Today is a day with spaces. And today the spa is running specials and I have
signed up: a hot stone aromatherapy massage. This is how angels spend their afternoons. This is grace in a cubicle.
I have never been much of a chatter when getting a
message. I usually just vacate,
evaporate, slowing dial back the notches until I find an old after hours test
panel on the screen of my mind.
This is a rare thing. I
have always thought too much.
I remember when I was living in Denver reading an article in
the newspaper about the terrible time the Hmong refugees were having. Churches all over the area sponsored
families, built them small neat homes with sand colored wall-to-wall carpeting
that the Hmong covered with real sand and upon which they lay their pallets in
rows in the living rooms. Bedrooms
were clean swept and empty. Strangely, strong and apparently healthy young
Hmong men where going to sleep at night and dying quietly. No one could figure out the cause.

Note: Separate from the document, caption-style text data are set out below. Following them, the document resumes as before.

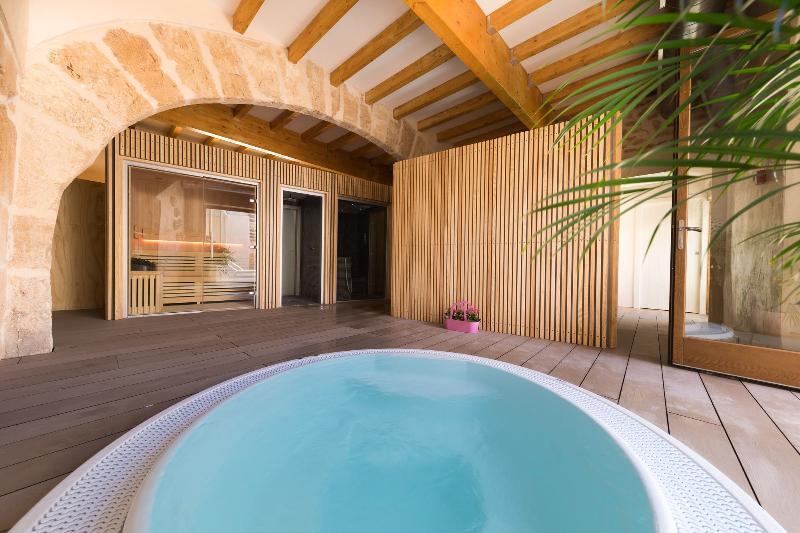 Forum Boutique & - Adults Only Hotell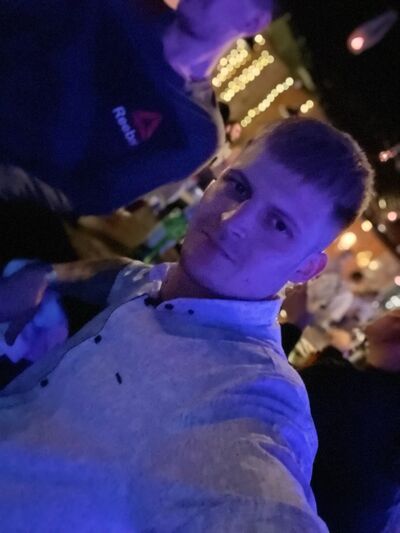 ,   Artem, 27 ,   ,   
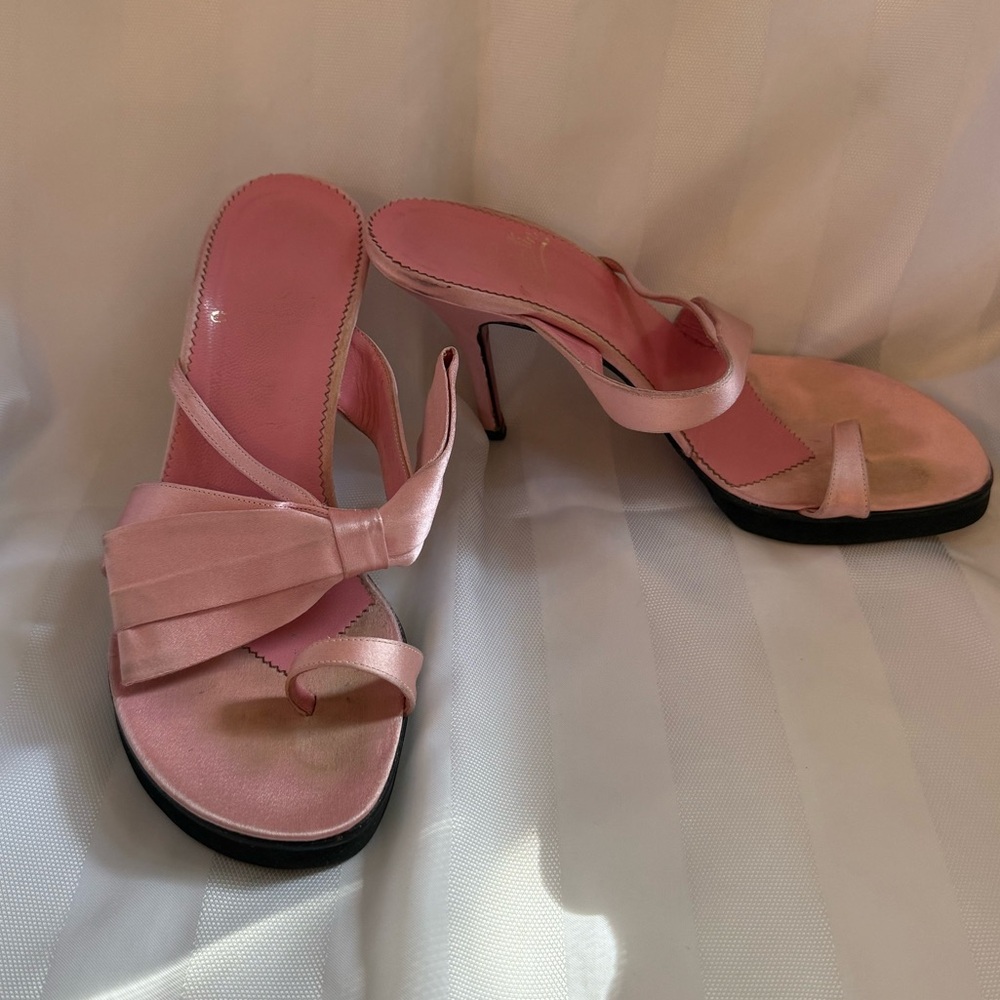 Christian Louboutin - Excellent - Elyse Satin Pink Heels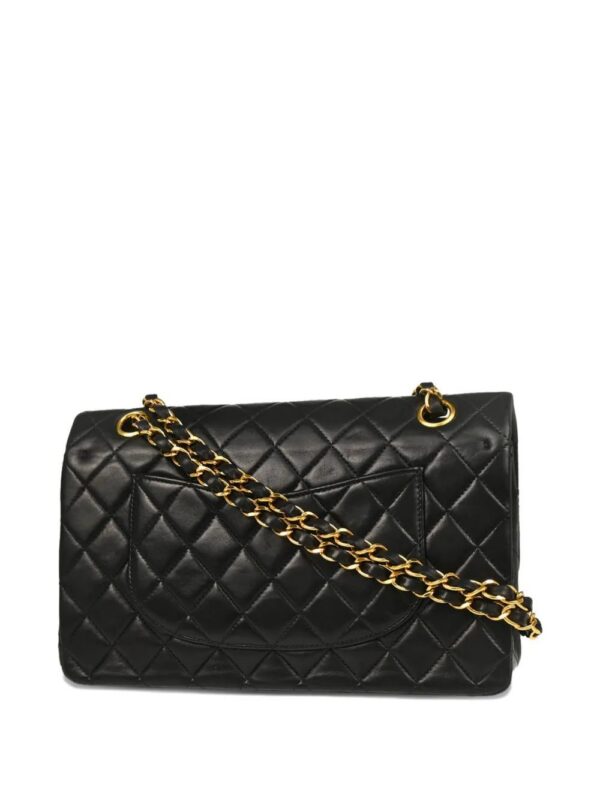 CHANEL medium Classic shoulder bag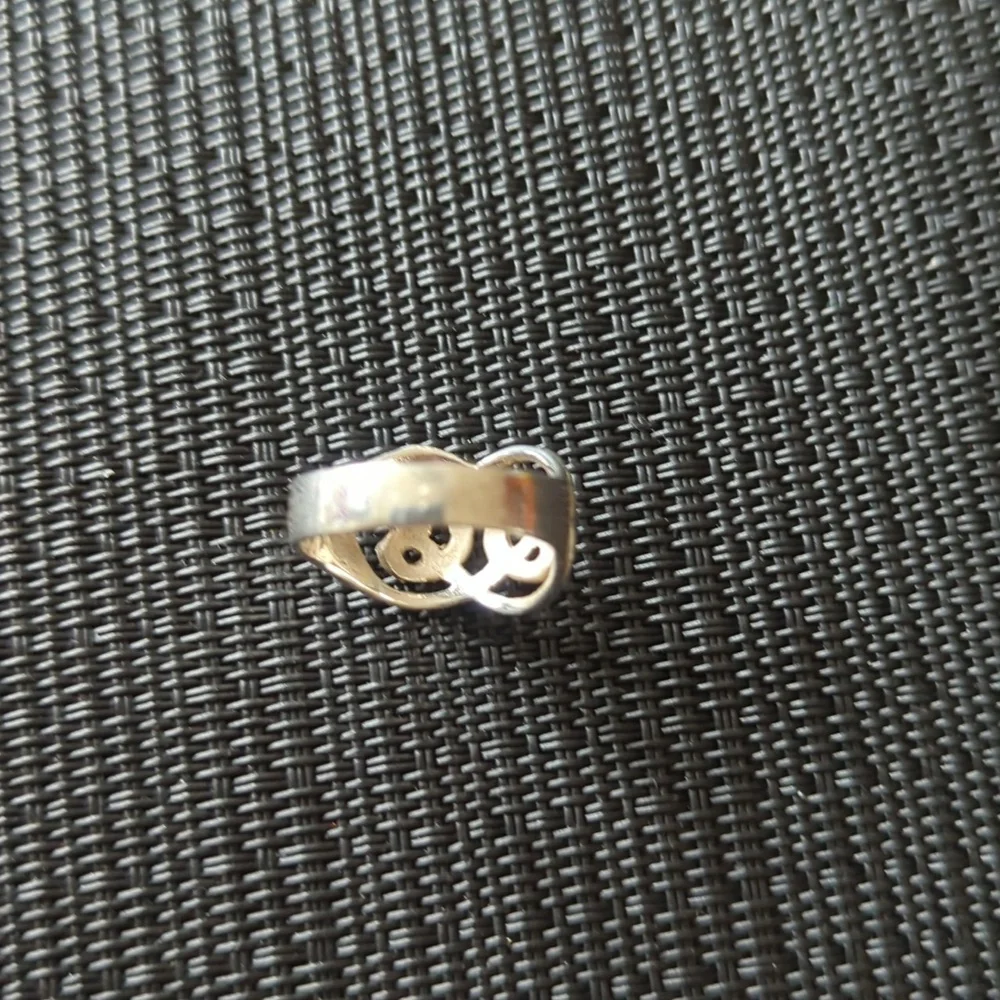 Sterling Silver Ring Size 5.5. - Picture 4 of 6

Doctors from the University of Denver scratched their chins, in print, and
encouraged the people to come in for check ups. They came in, got clean bills of health and went home and
died. When asked what they thought was happening, the Hmong women were quite
sure of the cause. Evil
Spirits. Processed food. And thinking too much. Ah. That will do it every time.
When Ejuane ushered me into my little massage room, I willed
myself to relax. What does that
feel like? I wracked my brain and
came up with nothing. Ah yes,
that’s it. It feels like nothing,
nothing left undone, nothing running rampant in my body or my congregation,
just lovely for a limited and safe space, nothing. It feels like a day with spaces.
Ejuane is a quiet young woman, speaking only to ask a
question about pressure or scent.
At one point, massage paused and my face wrapped in damp towels tucked
with lavender, I asked her where she was from. South Africa, an Afrikaner. She told me that her parents had founded the Global Day of
Prayer when she was a baby when South Africa was so in need of prayer. I told her that everyone I had ever met
from her country was a true beautiful spirit.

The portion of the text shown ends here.